A study of 258,000 heavily laden trucks traveling over weigh-in-motion scales in Georgia showed that 90% could carry 2000 pounds or more. More than 50% of loads could accept at least 10% more product on the load. For a variety of reasons, trucks are underloaded. These reasons range from the load's poor up-front design to the loader's competence in making the shipment axle legal.   

Once the capacity of a vehicle is known, load-building optimizing technology can design loads that meet, but not exceed, that capacity. And good load building ensures the following:

• The load can be positioned so that the axles are legal.
• Product can be appropriately stacked to avoid crushing.
• Stacks can be supported to eliminate transit damage. 

Many low-quality load builders that look at just weight and cube leave everything to the person on the dock. With the high turnover of warehouse labor, in some cases, the loader may not be able to make a legal, damage-free load. This can result in several issues, including needing the truck to scale and return, adding cost, and creating unnecessary emissions, not to mention a painful disruption on the dock. Often, in this situation, a needed product is left off – with potentially serious customer-service consequences. 

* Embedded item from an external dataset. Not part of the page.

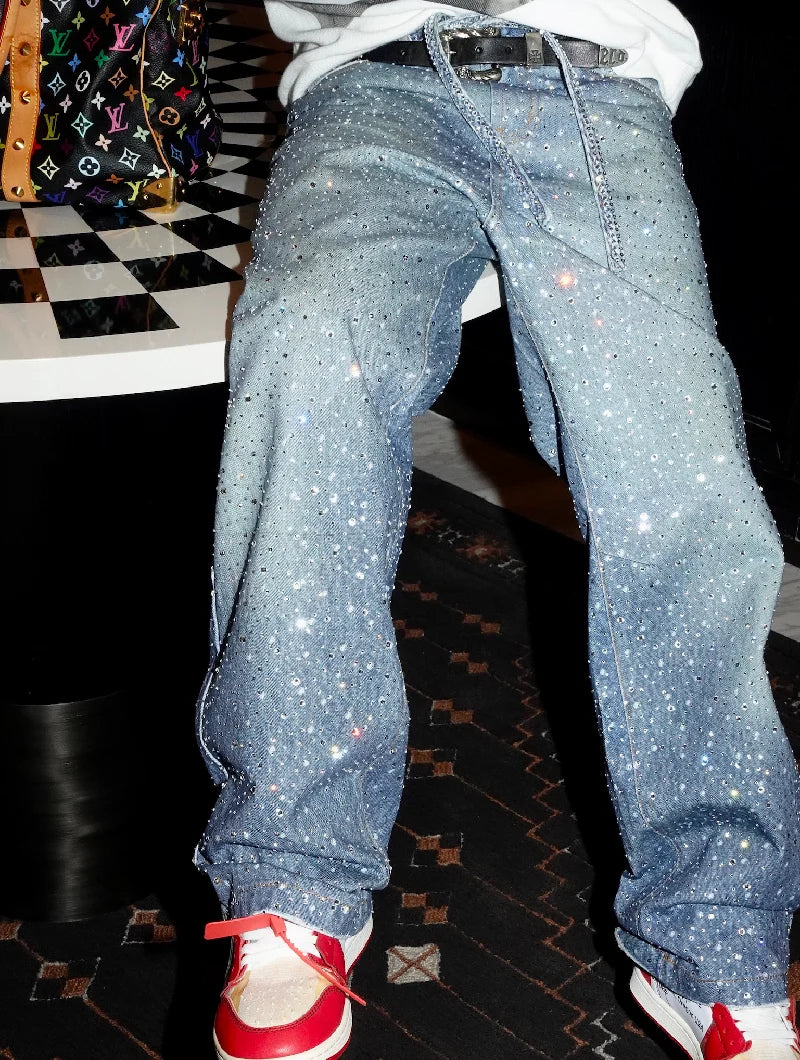 BORC Birth of Royal Child 20K Swarovski Diamond Pants Blue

Studies across many companies in multiple industries show that using an optimizing load builder that considers axle weight, product stackability, and other real-world constraints can generate savings in the 4-8% range. That's 4-8% fewer trucks on the road and 4-8% fewer emissions. And this is not just "pie-in-the-sky" talk; companies like Unilever count these savings towards their environmental goals. 

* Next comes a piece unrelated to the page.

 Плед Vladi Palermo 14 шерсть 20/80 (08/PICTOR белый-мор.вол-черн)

Helping the Carrier Eliminate Deadhead Miles

While transportation forecasting helps big carriers, smaller carriers, which transport most of the freight moved in North America, plan around commitments to ship a given number of loads on a given lane on a given day  — aka the tender. What if this tender can give them more notice? That will enable better planning and less deadhead, resulting in environmental benefits by reducing empty miles. As the early bird gets the worm, the first shipper to tender generally gets the capacity. This can generate substantial cost savings and on-time improvement while helping the environment. 

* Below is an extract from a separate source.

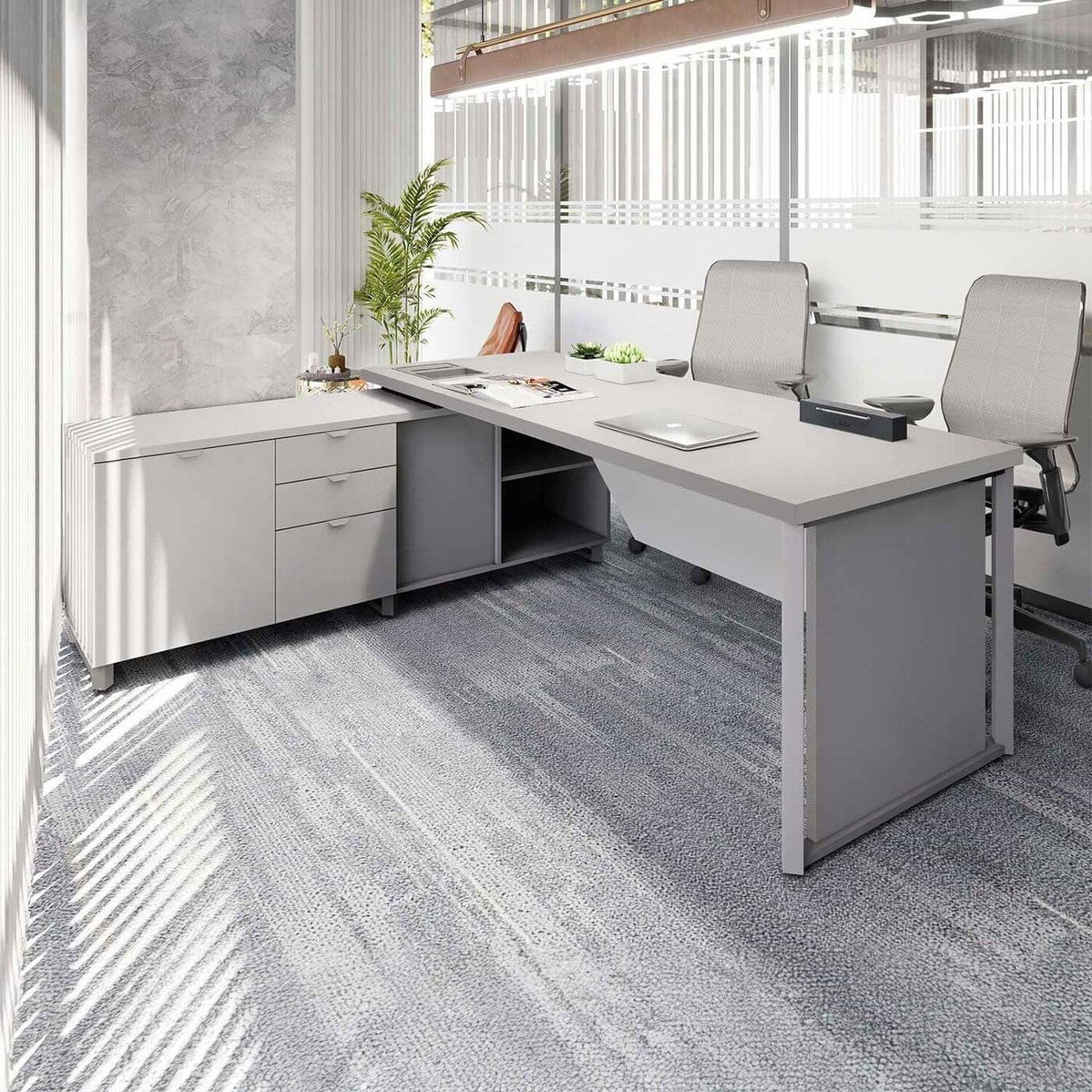 Mesa Executiva 180cm Com Armário Lateral E Caixa De Tomadas Corporate Cinza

The problem with giving carriers a commitment five days in advance (versus two, three or four, which are the common lead times) is that the supply-planning signal is not as accurate five days out as it is one or two days in advance. Many companies have come up with a way around this. They have provided the carrier with a tender without details of what will go in the shipment. For the most part, the carrier doesn't care. They only care whether the shipment is refrigerated or dry or contains hazardous materials. 

Creating a placeholder stock transfer enables the load to be tendered, allowing the carrier to plan more days in advance. The optimizing load builder must prioritize the most needed product or grab requirements from future days to fill the loads. Many of these steps, from leveling to optimizing the filling of pre-tendered loads, can be automated, further enhancing planning processes. Better transportation plans lead to lower emissions. 

Optimized load building, 3-D load diagrams with detailed picking instructions, smoothing, and early tendering technologies drive true green savings.